Staci Berger, director of policy and advocacy with the Housing and Community Development Network of New Jersey, said the organization hopes the appellate ruling will advance the process of providing housing for low-income and special-needs residents. The Network, along with two other advocacy groups, filed amicus briefs in the case.
“New Jersey can, and must, act to improve and stabilize its housing affordability and variety across the state,” she said. “We hope the court’s strong rebuke to the governor’s COAH plan will encourage him to rethink his attempt to usurp $300 million in municipal housing trust funds and federal foreclosure resources to balance the budget and use that money for its intended purpose.”
The 2013 budget proposal seeks to use $200 million from Municipal Affordable Housing Trust Funds for a dozen purposes, including state rental assistance and homeless prevention programs and services for senior citizens, veterans, and the developmentally disabled.
By law, the state can take local trust fund dollars that have not been budgeted or spent within four years, beginning this July. Because of the court actions involving COAH, many communities have not spent their funds.
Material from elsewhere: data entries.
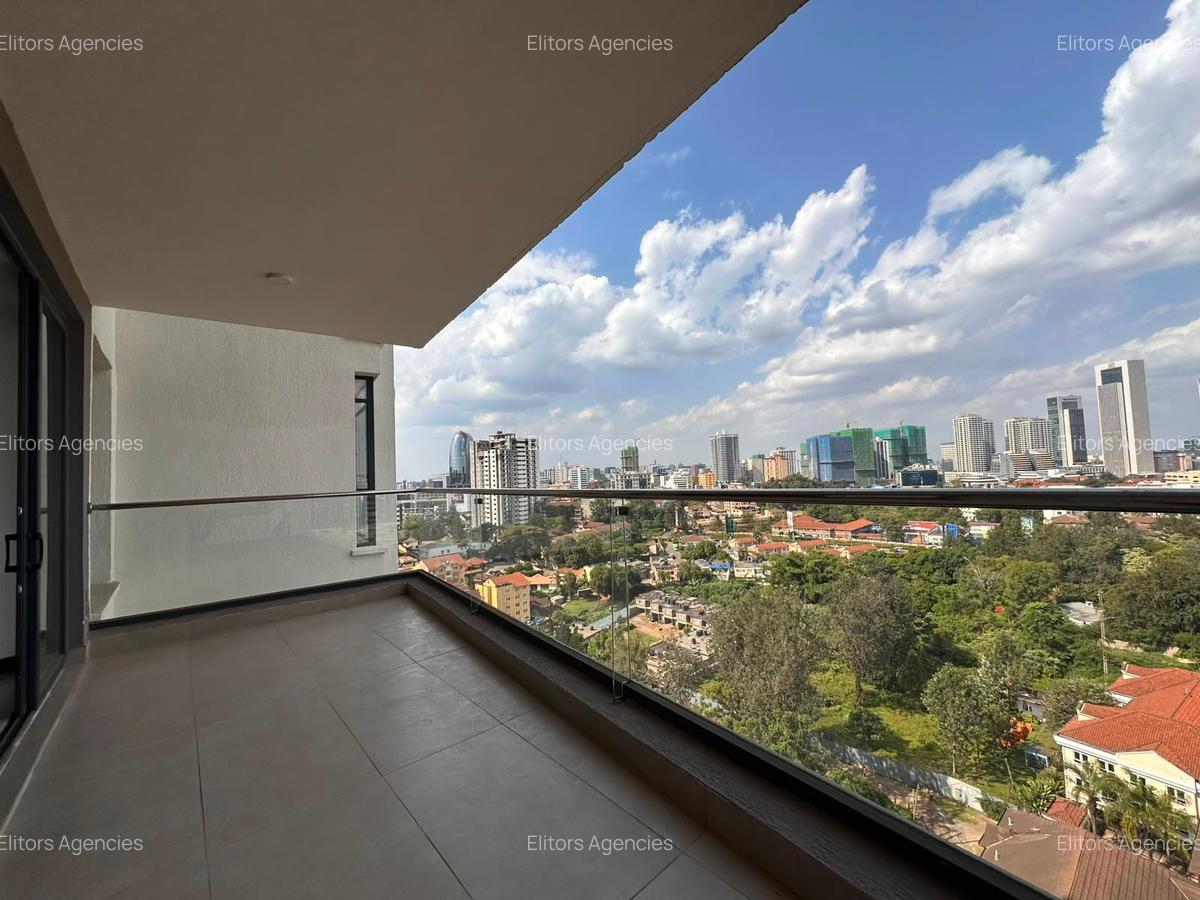 3 Bed Apartment with En Suite at Riverside Drive - 2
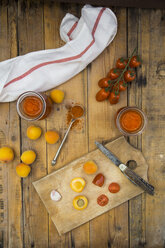 Ingredients for homemade apricot ketchup - LVF004936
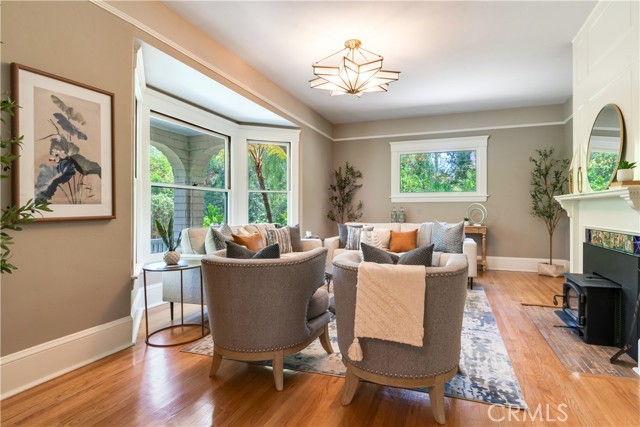 16 Campbell Avenue, Redlands CA: https://media.crmls.org/medias/995e0758-3e4b-4879-a8b1-0bf9fab94c0c.jpg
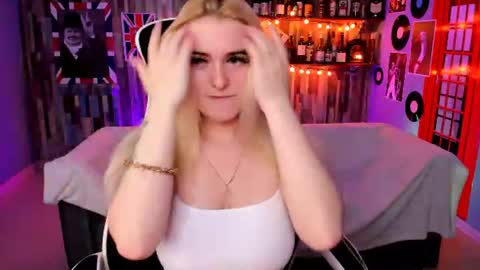 Snapshot of stef_nicks chatting on June 10, 5:07 am stef_nicks online show from June 10, 5:07 am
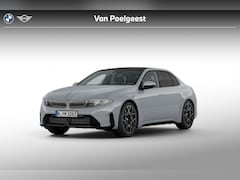 BMW i3 - Sedan 50 xDrive First Edition | M Sportpakket | Innovation Pack | Trekhaak | Panoramadak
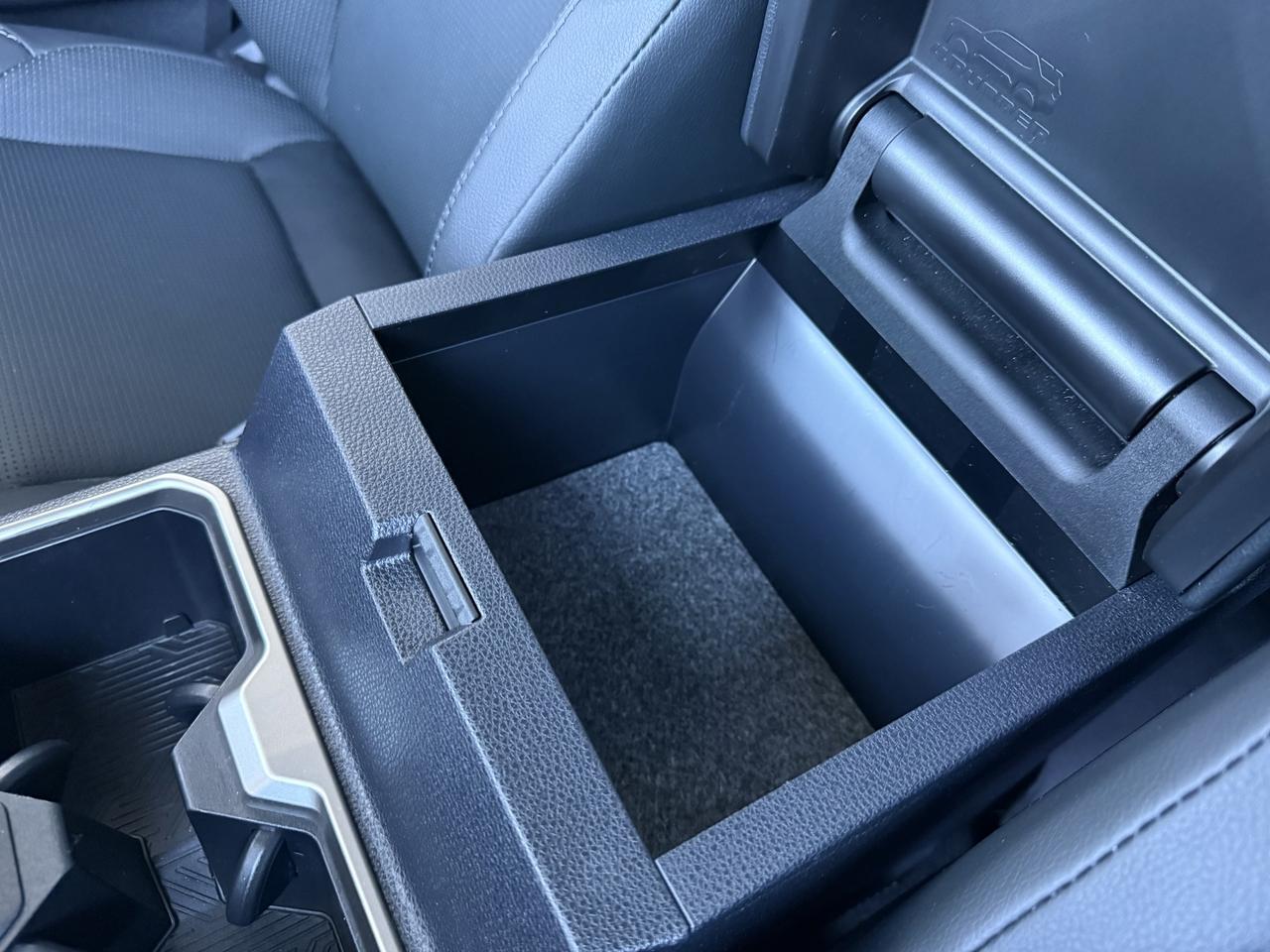 2025 Toyota 4Runner Limited - Photo 26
Walsh said the law makes COAH responsible for the expenditure of the funds and the invalidation of Christie’s reorganization plan means the administration will not be able to unilaterally budget those local funds for other purposes.
“They are going to have to have a meeting,” said Walsh, noting the council used to meet monthly. “At some point, the towns are going to need help, developers are going to need help.”